In Figure 2, an example of a battery pack made of stainless steel is shown, where the different constituting elements can be identified. The battery modules are placed inside a steel case made of a deep-drawn shell and a cover, and they are separated one from the others by a grid of beams and are surrounded by a reinforcing frame, which is specifically designed for protection in case of impact. The cooling plate, which in this case, is shown in Figure 3, is made with a number of small diameter tubes and is cooled with forced flow of water; it is an essential element in terms of taking the battery pack’s operating temperature under control.

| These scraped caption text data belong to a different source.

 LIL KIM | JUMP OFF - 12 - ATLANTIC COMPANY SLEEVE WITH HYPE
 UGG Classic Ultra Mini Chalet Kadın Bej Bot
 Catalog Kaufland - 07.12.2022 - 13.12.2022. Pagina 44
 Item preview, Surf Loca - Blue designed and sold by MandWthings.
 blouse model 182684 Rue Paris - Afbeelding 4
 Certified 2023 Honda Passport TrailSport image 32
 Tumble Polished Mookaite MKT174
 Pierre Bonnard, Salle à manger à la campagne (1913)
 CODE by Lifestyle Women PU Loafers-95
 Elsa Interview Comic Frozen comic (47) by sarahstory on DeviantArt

2.4. Battery Pack Location and Integration

Typically, the electric powertrain accounts for at least 50% of the vehicle cost, with the battery constituting up to 35% of the overall vehicle cost; in conventional ICEVs, the powertrain accounts for approximately 16% of the vehicle cost. Further, it is worth noting that the battery weight constitutes, typically, more than one-quarter of the vehicle weight, reaching masses close to 700 kg for the complete battery pack [3,4]. It is thus crucial to focus not only on the battery’s technology but also on the battery pack’s structure to reduce its complexity and cost while improving its performance.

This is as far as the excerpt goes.